Böylece sosyal çevreyle de diyaloğunu canlı ve sürekli tutmaya özen gösteren Gültekin YAZGAN,yaşadığı şehir dışındaki yerlerle olan ilişkiyi de “dünyaya açılan pencerem” dediği radyo aracılığı ile kurmaktadır.

Tam da, eğitiminin yarım kalmasından duyduğu üzüntünün zirvede olduğu bir dönemde, 1945 yılı içerisinde radyodan dinlediği bir program ona umut kaynağı olur. Programda, ülkemizde görmeyenlerin de, ilkokuldan yüksek öğretime kadar her aşamada eğitim alabilecekleri anlatılmaktadır. Program sunucusu konuşmacının adını söyler. Konuşan Sayın Mithat ENÇ’tir.

Yazgan büyük bir sevinç ve heyecanla, hemen Mithat Enç Beye bir mektup yazarak, eğitime nasıl devam edeceği konusunda gerekli bilgileri  ister. Enç, Yazgan’a gerekli bilgilerin ayrıntılarıyla yer aldığı bir cevap yollar.

Bunun üzerine Yazgan, o zamanlar uygulamada olan dışarıdan bitirme yoluyla 1946başında  ilk okulu, 1947 yılının haziranında  ortaokulu ve 1948 yılı haziranında  da lise ve olgunluk sınavlarını pekiyi dereceyle tamamlayarak, aynı yıl Ankara Üniversitesi Hukuk Fakültesi'ne kaydını yaptırır.

Gültekin Yazgan, 2001 yılında iletişim yayınları tarafından yayınlanan, "Kör Uçuş" adlı, hayat hikayesini konu alan kitabında, böyle başdöndürücü bir başarı silsilesinin önemli bir sırrını Sayın ENÇ’in verdiği şu öğüte bağlıyor: “Karşılaşabileceğin güçlüklerin hepsini birden, daha işin başındayken düşünmeye kalkışma!

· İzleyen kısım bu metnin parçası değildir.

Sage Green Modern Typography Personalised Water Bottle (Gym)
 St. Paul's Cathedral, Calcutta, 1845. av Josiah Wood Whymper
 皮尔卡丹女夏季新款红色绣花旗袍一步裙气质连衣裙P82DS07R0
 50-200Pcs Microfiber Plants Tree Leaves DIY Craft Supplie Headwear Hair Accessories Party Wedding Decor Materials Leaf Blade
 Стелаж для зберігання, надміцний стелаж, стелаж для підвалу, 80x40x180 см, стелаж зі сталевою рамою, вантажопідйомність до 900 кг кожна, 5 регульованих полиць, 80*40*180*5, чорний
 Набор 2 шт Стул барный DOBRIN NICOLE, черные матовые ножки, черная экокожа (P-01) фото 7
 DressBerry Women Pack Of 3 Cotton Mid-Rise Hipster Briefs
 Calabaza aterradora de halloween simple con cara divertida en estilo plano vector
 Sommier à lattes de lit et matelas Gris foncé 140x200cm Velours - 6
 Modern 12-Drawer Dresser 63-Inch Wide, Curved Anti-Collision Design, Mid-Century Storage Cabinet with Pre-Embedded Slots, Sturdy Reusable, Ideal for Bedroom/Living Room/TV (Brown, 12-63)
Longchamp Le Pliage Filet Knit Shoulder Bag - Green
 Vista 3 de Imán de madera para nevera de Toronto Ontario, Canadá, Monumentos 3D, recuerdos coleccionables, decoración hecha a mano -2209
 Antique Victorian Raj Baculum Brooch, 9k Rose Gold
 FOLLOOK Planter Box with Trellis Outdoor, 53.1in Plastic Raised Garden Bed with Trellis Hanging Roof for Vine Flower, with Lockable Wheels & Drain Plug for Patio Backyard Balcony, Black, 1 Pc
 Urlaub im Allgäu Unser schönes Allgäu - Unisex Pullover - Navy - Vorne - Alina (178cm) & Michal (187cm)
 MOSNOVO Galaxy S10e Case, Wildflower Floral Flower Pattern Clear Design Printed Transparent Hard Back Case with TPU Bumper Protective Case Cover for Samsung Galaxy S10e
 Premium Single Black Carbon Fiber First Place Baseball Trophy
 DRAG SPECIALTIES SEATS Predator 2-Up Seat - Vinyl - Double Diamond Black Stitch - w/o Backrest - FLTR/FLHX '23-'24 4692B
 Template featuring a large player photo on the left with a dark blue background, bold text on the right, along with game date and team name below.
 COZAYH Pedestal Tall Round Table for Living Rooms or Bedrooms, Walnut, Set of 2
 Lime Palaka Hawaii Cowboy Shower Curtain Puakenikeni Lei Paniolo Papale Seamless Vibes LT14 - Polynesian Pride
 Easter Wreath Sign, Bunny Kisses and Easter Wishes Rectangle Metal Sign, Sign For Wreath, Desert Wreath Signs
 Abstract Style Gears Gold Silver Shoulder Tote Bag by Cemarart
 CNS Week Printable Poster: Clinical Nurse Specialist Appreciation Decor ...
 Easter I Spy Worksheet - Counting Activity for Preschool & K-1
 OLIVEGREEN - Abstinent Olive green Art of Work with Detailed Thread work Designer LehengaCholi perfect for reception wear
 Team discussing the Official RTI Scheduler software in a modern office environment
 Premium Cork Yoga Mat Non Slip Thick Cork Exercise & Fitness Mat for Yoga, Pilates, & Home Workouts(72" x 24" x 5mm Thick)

Sırası geldikçe her biriyle teker teker uğraşarak başa çıkarsın!”

Bu öğüt hayatının en zorlu dönemlerinde ona hep yol gösterecek, Gültekin Yazgan, 1948 yılında girdiği Ankara Üniversitesi Hukuk Fakültesi’nden pekiyi dereceyle mezun olacaktır.

Hayatının bundan sonraki döneminde, onun çok değer verdiği örgütlü mücadele önemli bir yer tutmuştur. Görmeyenlerin kalıcı problemlerinin sadece şahsi gayretlerle çözülemeyeceğinin bilincinde olan Yazgan, örgütlü mücadelenin önemini kavramış kör bir aydındır.